Starting back in October 2016, Falwell Jr. reportedly began reviewing Champion articles that mentioned Trump and warned the paper not to run sports editor Joel Schmieg’s column criticizing comments Trump made about “grab[bing] [women] by the pussy” during a leaked recording from a 2005 filming of “Access Hollywood.”

In 2018, Champion journalists alleged more stories were cut or censored, including a skeptical interview with the director and producer of the film “Commander,” which “tell[s] the story of Mark Taylor, who spoke of his vision that Donald Trump would become president”; a discussion of the university’s treatment of unmarried pregnant students living on campus; and coverage of “Red Letter” leader Shane Claiborne, who planned to pray on Liberty’s campus and hold a “Revival” in Lynchburg, Virginia and was threatened with fines and jail time by campus police.
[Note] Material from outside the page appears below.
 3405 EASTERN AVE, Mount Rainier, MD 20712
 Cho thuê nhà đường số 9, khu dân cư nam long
Dean of the School of Communication and Digital Content Bruce Kirk reportedly told new Champion staffers last spring:

Your job is to keep the LU reputation and the image as it is. … Don’t destroy the image of LU. Pretty simple. OK? Well you might say, “Well, that’s not my job, my job is to do journalism. My job is to be First Amendment. My job is to go out and dig and investigate, and I should do anything I want to do because I’m a journalist.” So let’s get that notion out of your head. OK?
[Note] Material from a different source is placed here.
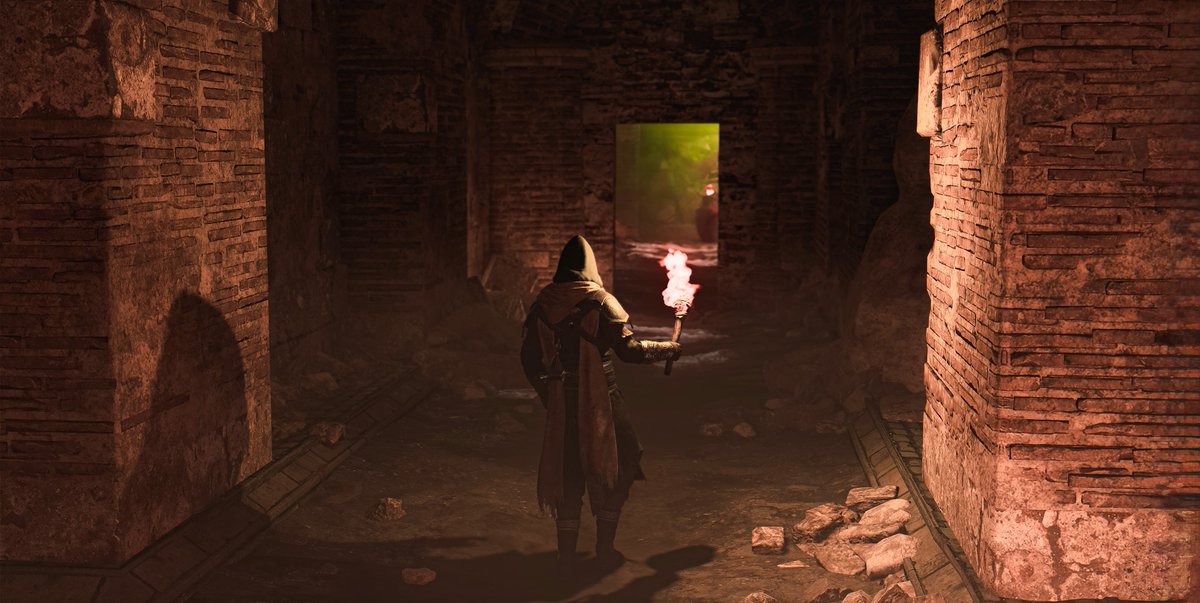 Aaron Young | Falcon VP tweet media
FIRE’s letter called on Liberty to live up to Falwell Jr.’s promises of free expression and end its campaign of censorship against student journalists. Unfortunately, the university failed to respond to FIRE’s concerns and made no apparent effort to square Falwell Jr.’s public statements with the university’s policies or to relinquish censorship power over the Liberty Champion, earning Liberty a spot on FIRE’s 2019 list of the 10 worst colleges for free speech.

Falwell Jr.’s recent op-ed praising his university’s efforts to “actively encourage open political discourse” conveniently overlooks how Liberty has actively harmed open discourse on its campus through its years-long censorship of its student press. Instead, Falwell Jr. focuses on his administration’s decision to host “high-profile speakers with different points of view.”

While Liberty’s endeavor to introduce students to a broad range of speakers is admirable, a university does not become a welcoming place for “[f]ree speech and intellectual diversity” simply by administrators’ invitations to a bipartisan array of speakers. Freedom of expression on campus exists when students, not just handpicked speakers, are allowed to express their opinions — regardless of how unpopular it may be with their peers or their university’s president. Freedom of expression is meaningless if only understood as the freedom to listen but not to speak.

FIRE would be pleased to work with Liberty to reform its policies and procedures to ensure that students can actually enjoy the free and open environment that the university’s president advertises to them. Until then, Liberty remains on FIRE’s 2019 “10 worst” list and Falwell Jr.’s promises remain empty.